YOUR TASK: The line containing "Happy fluffy Pomeranian" marks the start. Restate it and every following line through the end of the records exactly, and nothing else, leaving out the pictures.

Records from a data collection
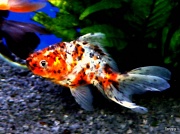 3rd Mar 2012 - FISH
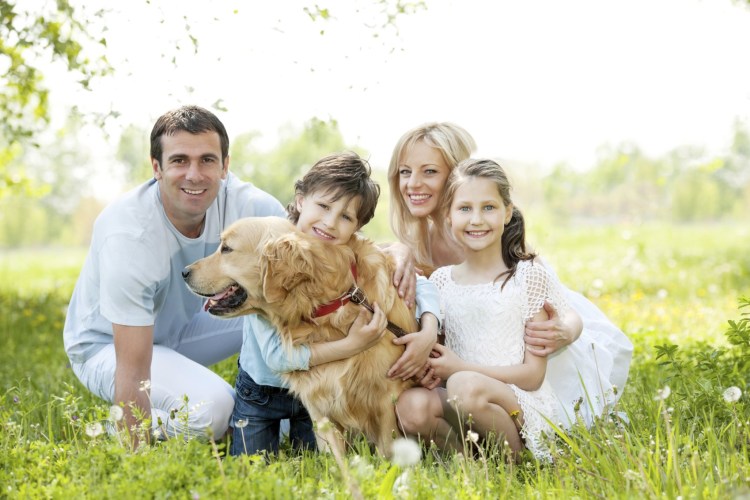 Бигль в семье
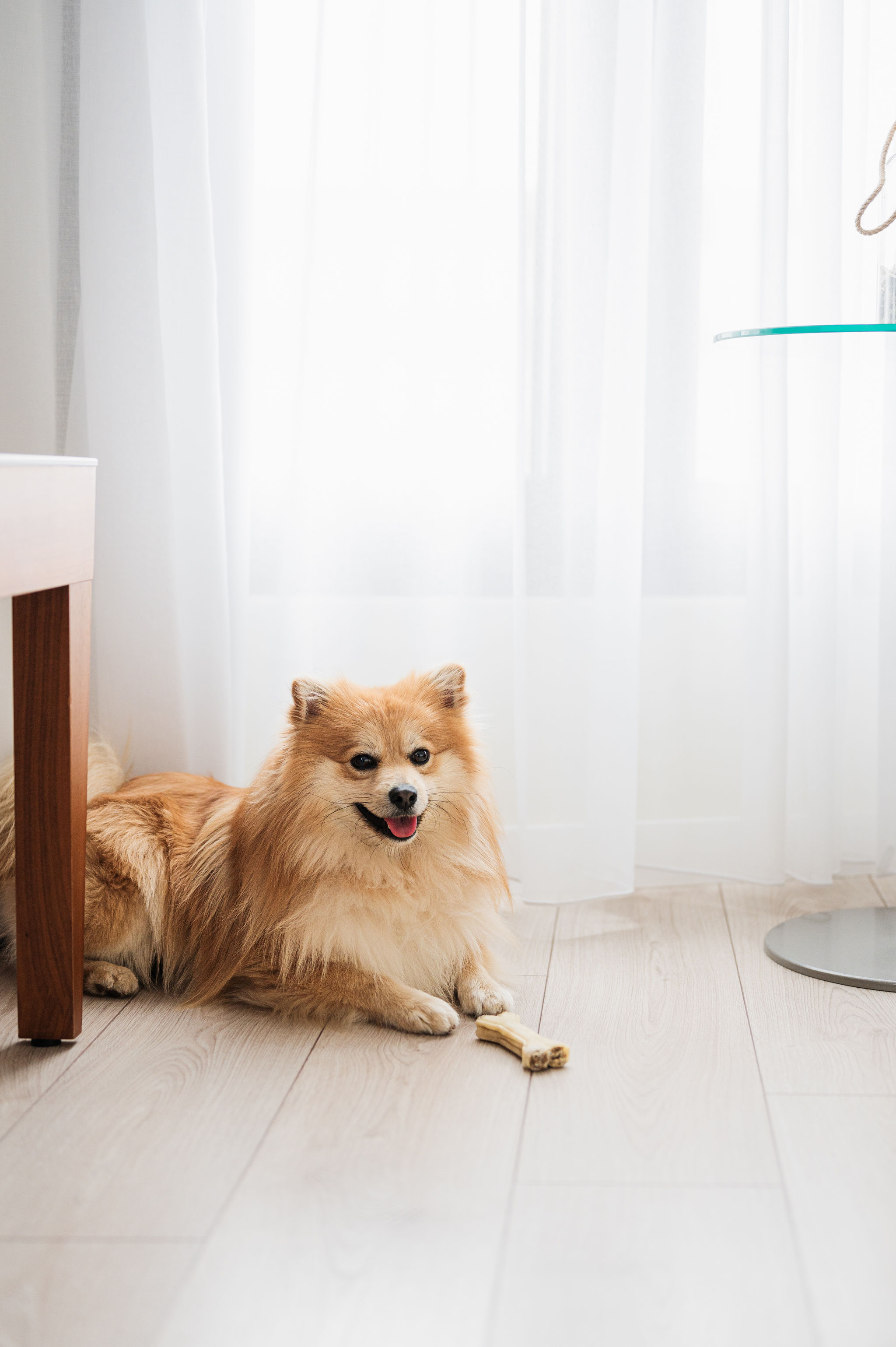 Happy fluffy Pomeranian dog with bone resting on wood floor, sheer curtains.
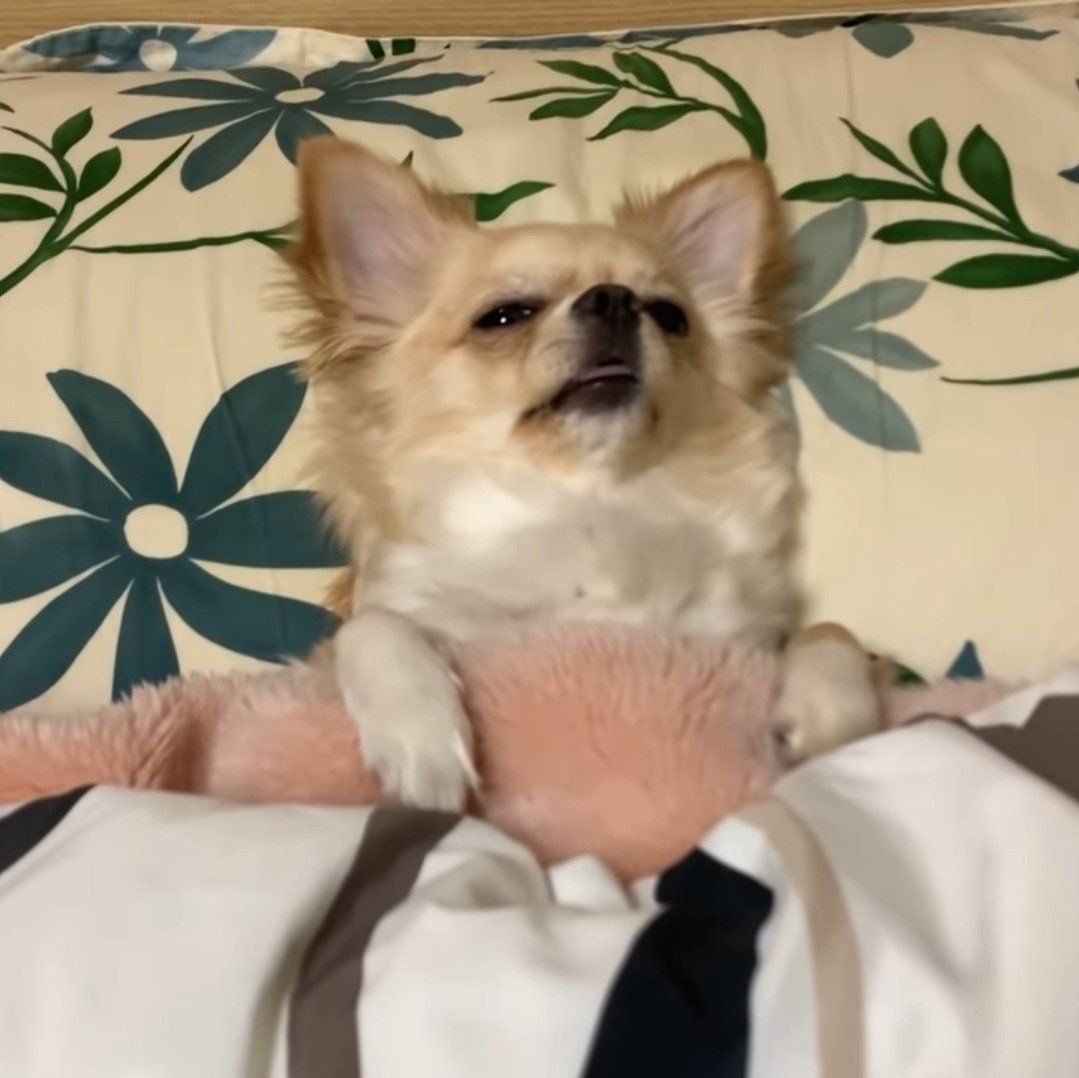 眠そうなみるくちゃん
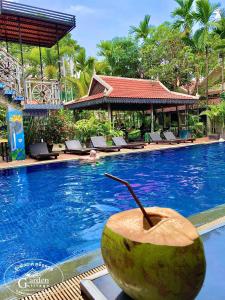 暹粒花园村泳池酒吧旅馆的椰子坐在游泳池边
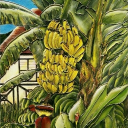 വാഴക്കുല 🌱 Discord server icon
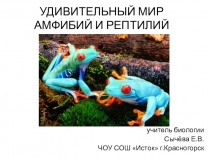 Презентация по биологии на тему Удивительный мир амфибий и рептилий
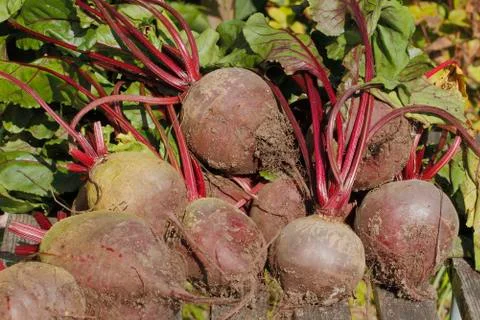Beetroot Foto stock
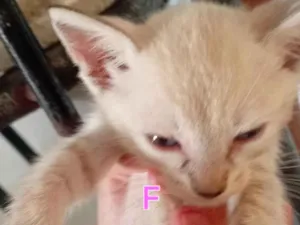 Gato raça Siamês idade 2 a 6 meses nome Vivi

EXERCISE RESPONSE:
 Happy fluffy Pomeranian dog with bone resting on wood floor, sheer curtains.
 眠そうなみるくちゃん
 暹粒花园村泳池酒吧旅馆的椰子坐在游泳池边
 വാഴക്കുല 🌱 Discord server icon
 Презентация по биологии на тему Удивительный мир амфибий и рептилий
Beetroot Foto stock
 Gato raça Siamês idade 2 a 6 meses nome Vivi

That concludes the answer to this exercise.